**Action item**
Nothing but an exact copy is asked for: the lines in the material below from the one with "AZ license plate BNY8053" through the one with "Jade Heart To Heart 14K Rose Gold ring R3342", pictures excluded.

**Records to process**
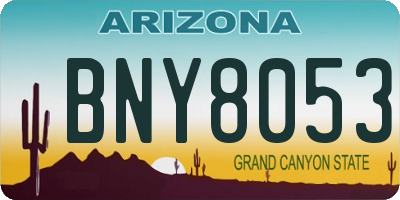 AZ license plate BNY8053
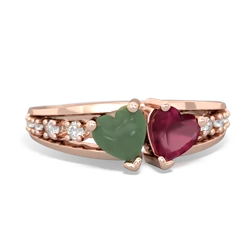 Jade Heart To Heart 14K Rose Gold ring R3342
---
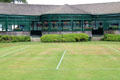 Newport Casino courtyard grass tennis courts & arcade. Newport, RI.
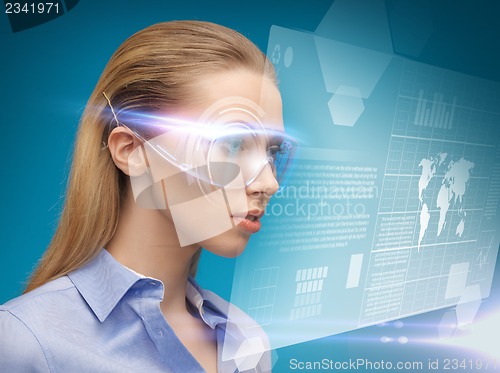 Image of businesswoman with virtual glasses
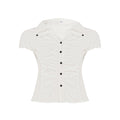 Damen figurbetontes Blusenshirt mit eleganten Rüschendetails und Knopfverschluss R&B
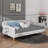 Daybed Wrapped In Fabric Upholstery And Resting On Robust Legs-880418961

**Output for this exercise**
 AZ license plate BNY8053
 Jade Heart To Heart 14K Rose Gold ring R3342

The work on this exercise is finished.